A exemplo de todos os moleques de minha geração, frequentei
aulas de catecismo, que me encharcaram a alma de pavor e dúvidas. Logo na
primeira, uma freirinha raquítica desenhou um estranho relógio na lousa com os
dois ponteiros sobre as palavras nunca
e sempre. Em seguida explicou:
“Meninos, este é o relógio do inferno. Um dos ponteiros nos lembra: nunca sairás
daqui; o outro nos diz: sempre permanecerás aqui”. Por pouco não “desbebi” ali mesmo, na presença
de todos. Em seguida, passou a descrever o reino de satã com tal riqueza de
detalhes que, na minha ingenuidade, pensei: ela
já esteve lá. Depois, nos falou de Deus, “um ser onipresente, onisciente,
onipotente que nos vê por dentro”. E vieram os mistérios, o mais complicado
deles ainda me perturba: o da Santíssima Trindade. Como entender um Deus uno e
trino ao mesmo tempo? Como três pessoas distintas e poderosas podem habitar harmonicamente uma mesma divindade?

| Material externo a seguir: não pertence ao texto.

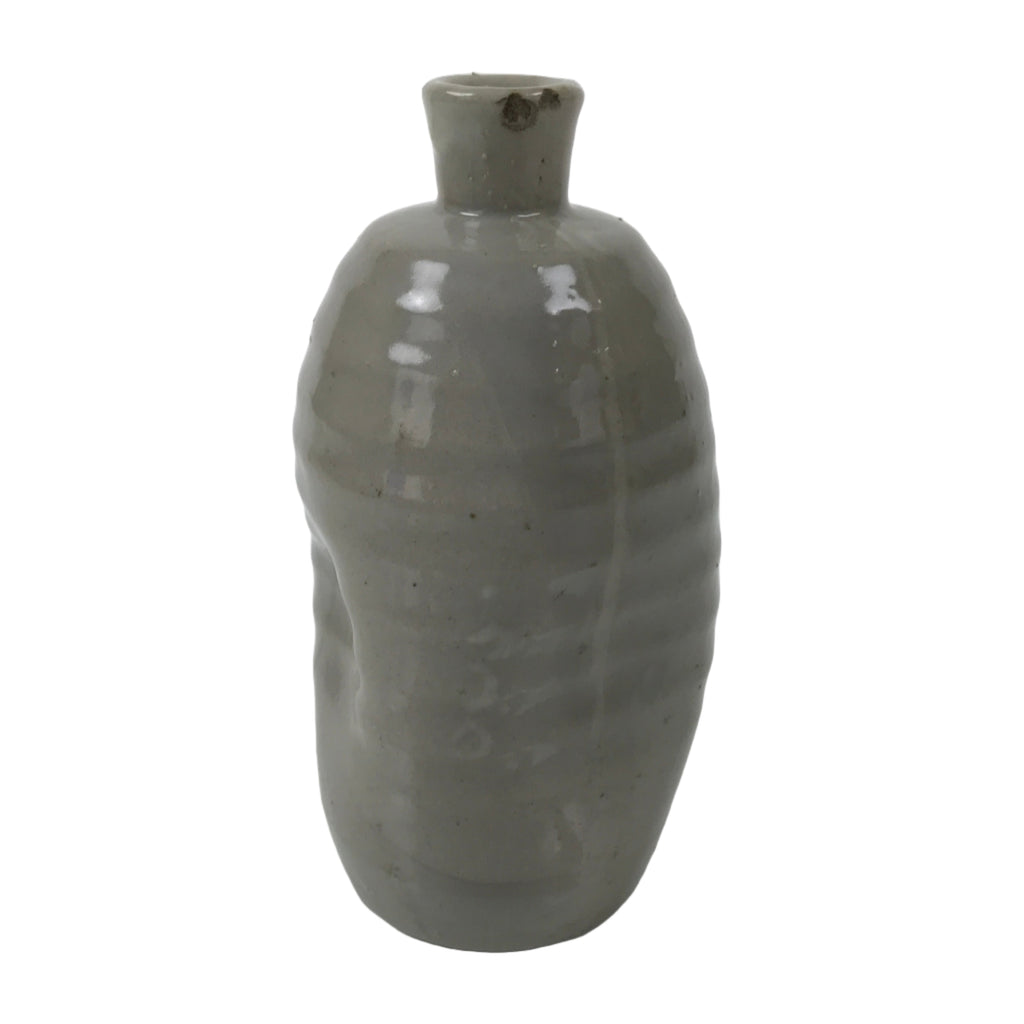 Japanese Ceramic Sake Bottle Tokkuri Vtg Pottery Kayoi Simple Gray Banded TS837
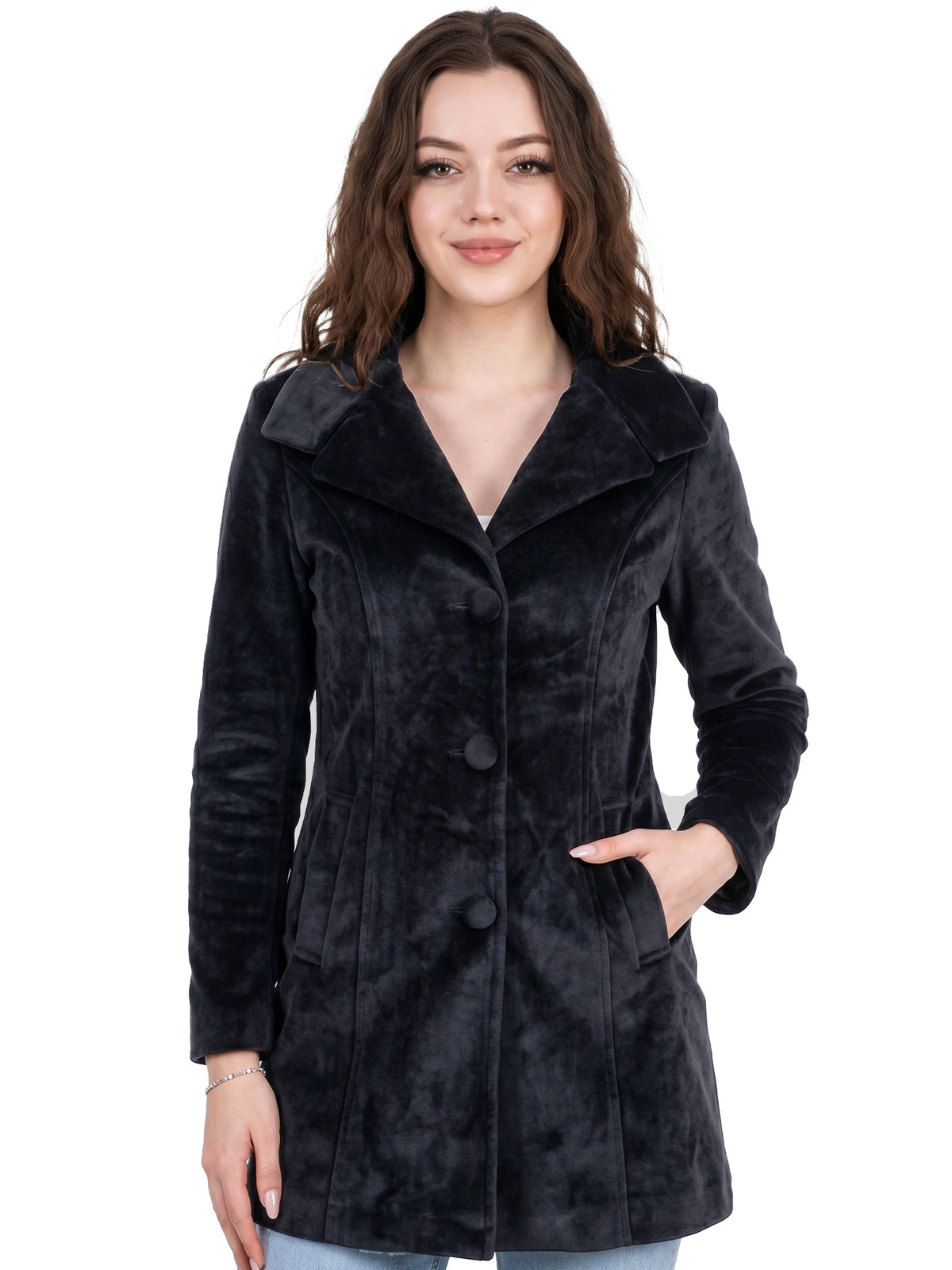 Leather Retail Long Winter Wear Velvet Jacket For Women's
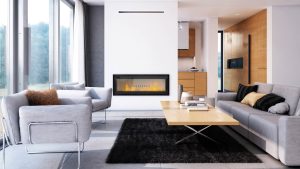 Wood and Steel Fireplace in Cyprus Petraland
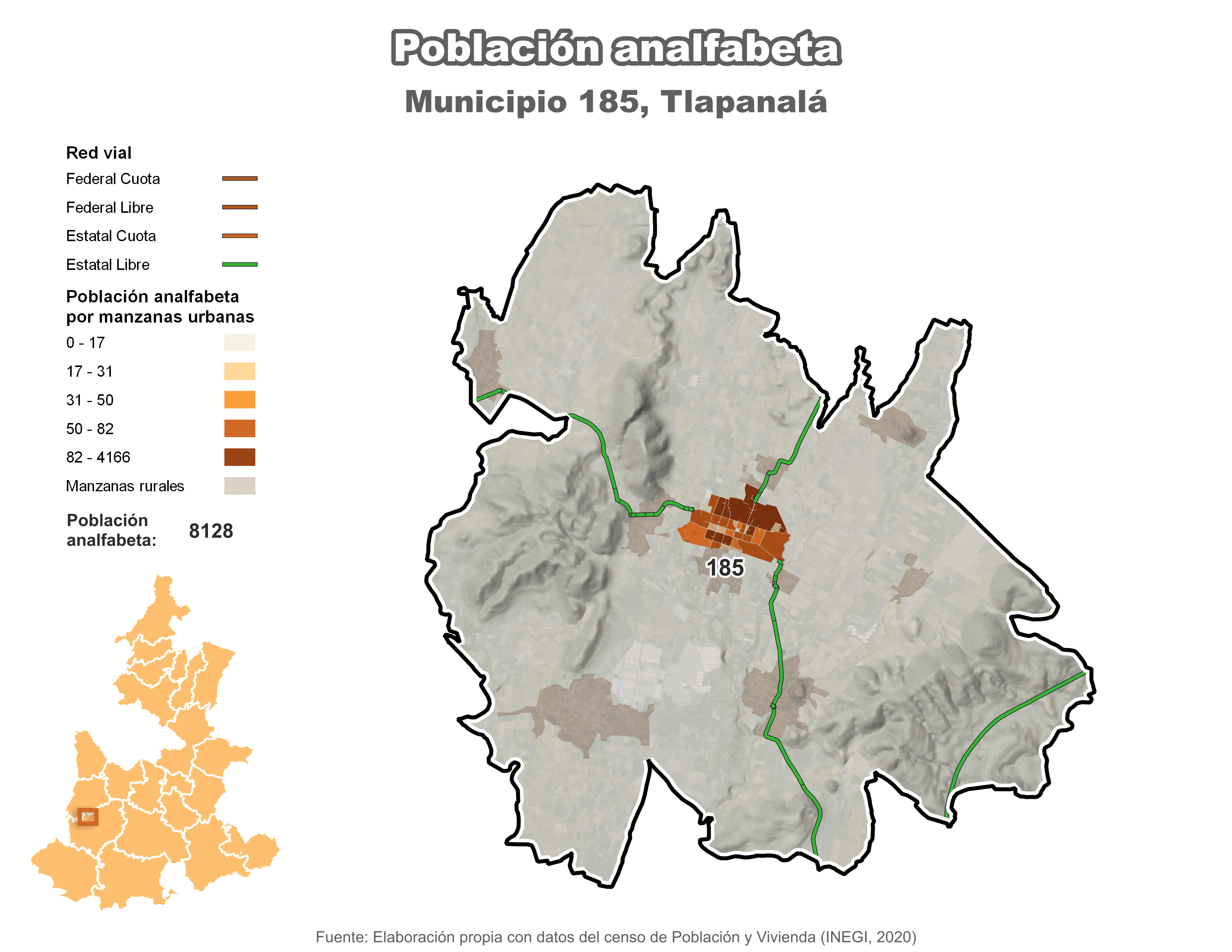 Biblioteca de Mapas - Población analfabeta municipio de Tlapanalá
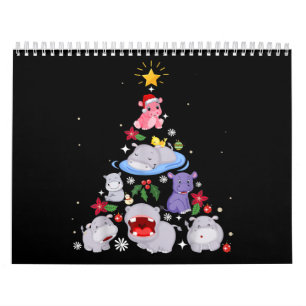 Funny Hippo Christmas Tree Xmas Hippopotamus Kalender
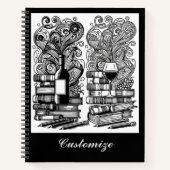 Boeken en wijn kleur me doedel (Voorkant)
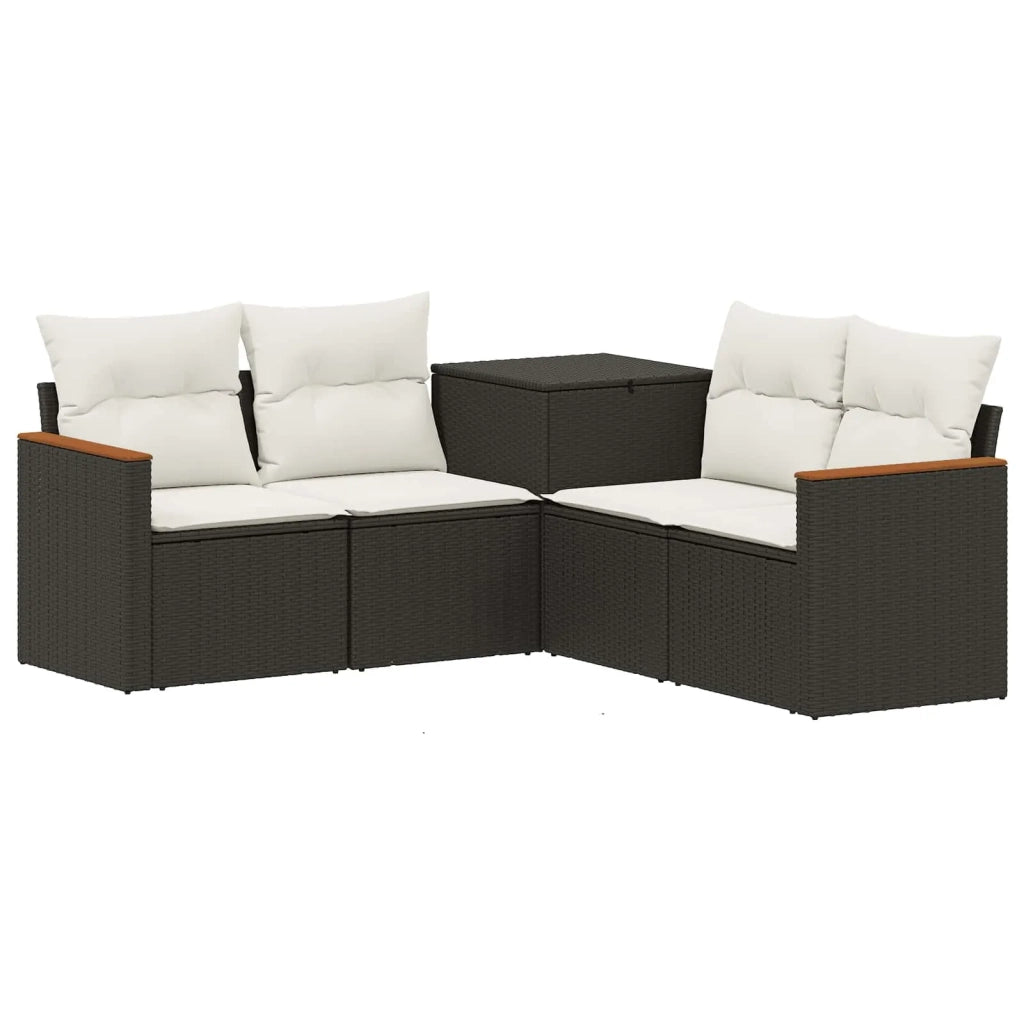 Set di divani 5 pz Nero e Bianco Crema 3447929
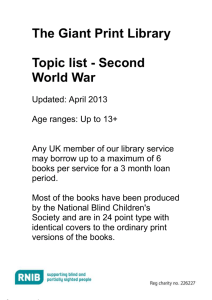 Topic list: World War 2 for younger readers in Giant Print (Word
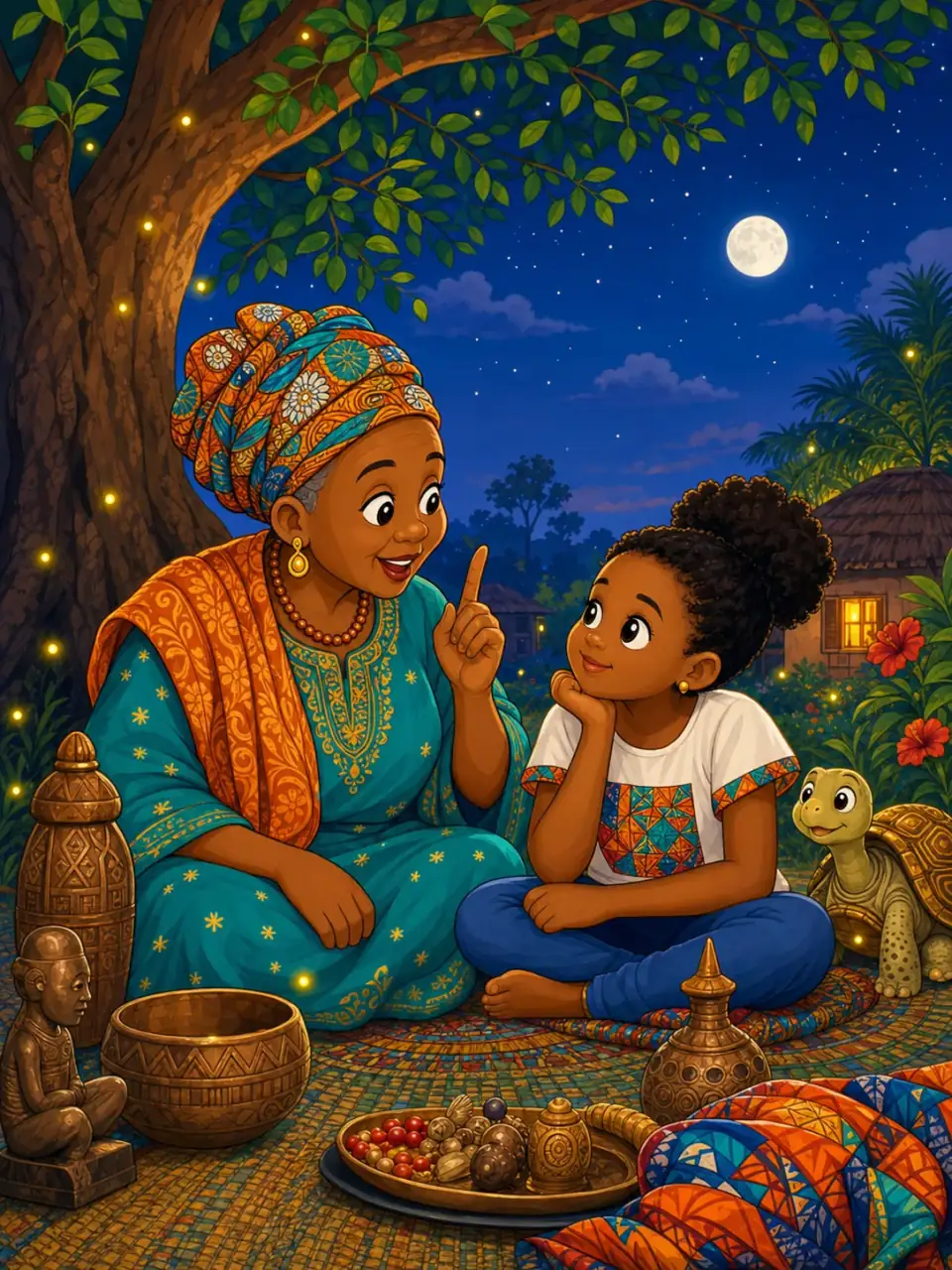 A grandmother sharing a folktale in a Bright Cartoon style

Para mim, incompreensível: há mais de 60 anos tento conviver em paz comigo e
não consigo...
Outro mistério que sempre me verrumou a mente é a trajetória
existencial de Jesus Cristo. Vemo-lo na manjedoura, ao nascer, em Belém; vamos
reencontrá-lo, doze anos depois, no templo de Jerusalém, proseando sabiamente
com os doutores da lei. Só voltaremos a ter notícias dele 18 anos mais tarde,
quando batizado por João Batista. Três anos depois, sai do convívio dos
humanos. Minha maior curiosidade: como teria sido a infância de Cristo? Em
crônica memorável – “A missão de Jesus” – Humberto de Campos relata o
sofrimento de Cristo por não poder brincar com seus colegas de infância. O pai
explica ao filho: “ ...e se caísses em
uma dessas correrias, o que seria de nós e do teu povo?”. E conclui a narrativa
assim: “Jesus de Nazaré começava a sofrer, nesse dia, a tristeza de ter nascido
Deus”.
Há poucos dias, o poeta Elias Paz e Silva me emprestou o
livro “Apócrifos – os proscritos da Bíblia”, e lá, no “pseudo- evangelho” de
Tomé, filósofo israelita, encontrei uma passagem de rara beleza. Aos cinco anos
de idade, encontrava-se o menino Jesus brincando no leito de um riachinho, após
uma chuva. De repente, pega um pouco de lama e com ela molda alguns pássaros.
Como era dia do Sabbah, quando não se
pode fazer absolutamente nada, ao presenciar a cena, um judeu correu até José e
avisou: “Olha, teu filho está no riacho e, juntando um pouco de barro, fez uma
dúzia de passarinhos, profanando com isso o dia do Sabbah”. José foi até o riacho para ralhar com o filho: “Por que
fazes no Sabbah o que não é permitido fazer?”. Sem responder à pergunta do pai,
o menino limitou-se a ordenar: “voai!” e os passarinhos de argila voaram
alegremente gorjeando. No mesmo “pseudo-evangelho”, há passagens menos poéticas
nas quais o menino Jesus pratica algumas traquinices e até pequenas maldades,
compatíveis com a idade que tinha. Saí da leitura do livro com uma alegre certeza:
crianças agem como crianças, mesmo que sejam deuses.
Um comentário:
"Em seguida, passou a descrever o reino de satã com tal riqueza de detalhes que, na minha ingenuidade, pensei: ela já esteve lá." Gente que fala com tamanha propriedade do inferno só pode ter estado lá (risos) A crônica traz algumas facetas da vida do Cristo-menino-Deus. Dia desses, comentando sobre isso a uma tia evangélica tradicional das antigas, ao dizer que Jesus foi menino, que deve ter tido dor de barriga, relado as canelas, ela quase me excomungou(risos), alegando que ele era Deus. Jesus ao dar vida aos pássaros, rememora o Pai, ao dar molde e vida ao barro, o sopro da vida.